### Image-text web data
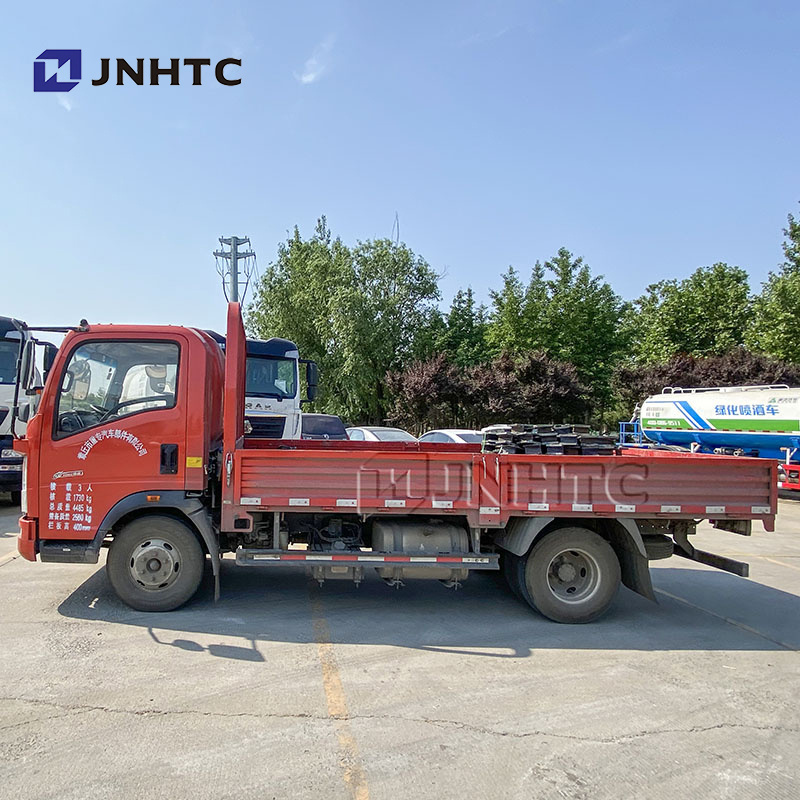 Hot Sale Sinotruk Howo Used 4x2 Light Van Cargo Truck Log Grab 20ft Small Cargo Truck For Sale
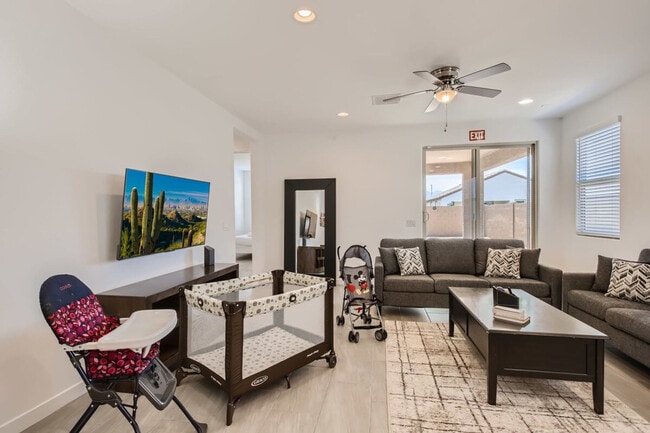 9417 W Atlantis Way unit ID1020068P, Tolleson, AZ 85353 - photo 2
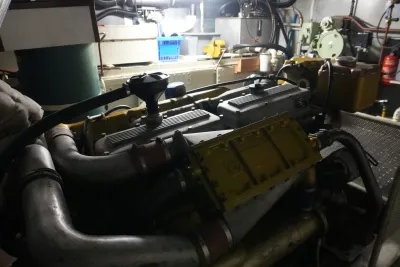 machinekamer met motor en leidingen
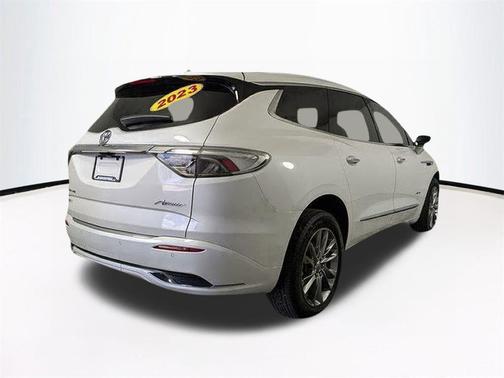 2023 Buick Enclave Avenir FWD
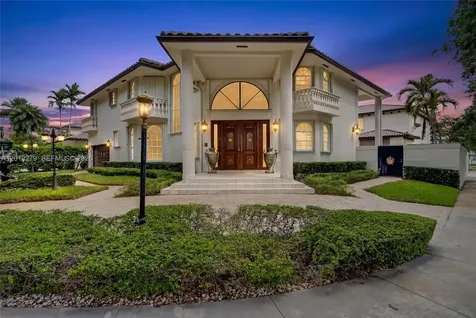 8560 NW 164th Street Miami Lakes FL 33016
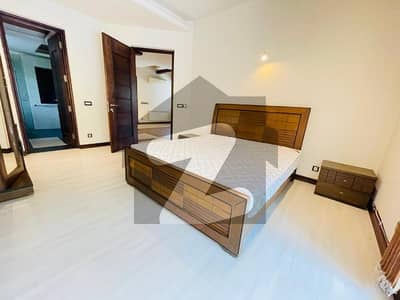 1200 Square Yard House In F-8 Best Option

### What to do
Please give the entries above again exactly as written, leaving out any pictures.

### Finished task
 Hot Sale Sinotruk Howo Used 4x2 Light Van Cargo Truck Log Grab 20ft Small Cargo Truck For Sale
 9417 W Atlantis Way unit ID1020068P, Tolleson, AZ 85353 - photo 2
 machinekamer met motor en leidingen
 2023 Buick Enclave Avenir FWD
 8560 NW 164th Street Miami Lakes FL 33016
 1200 Square Yard House In F-8 Best Option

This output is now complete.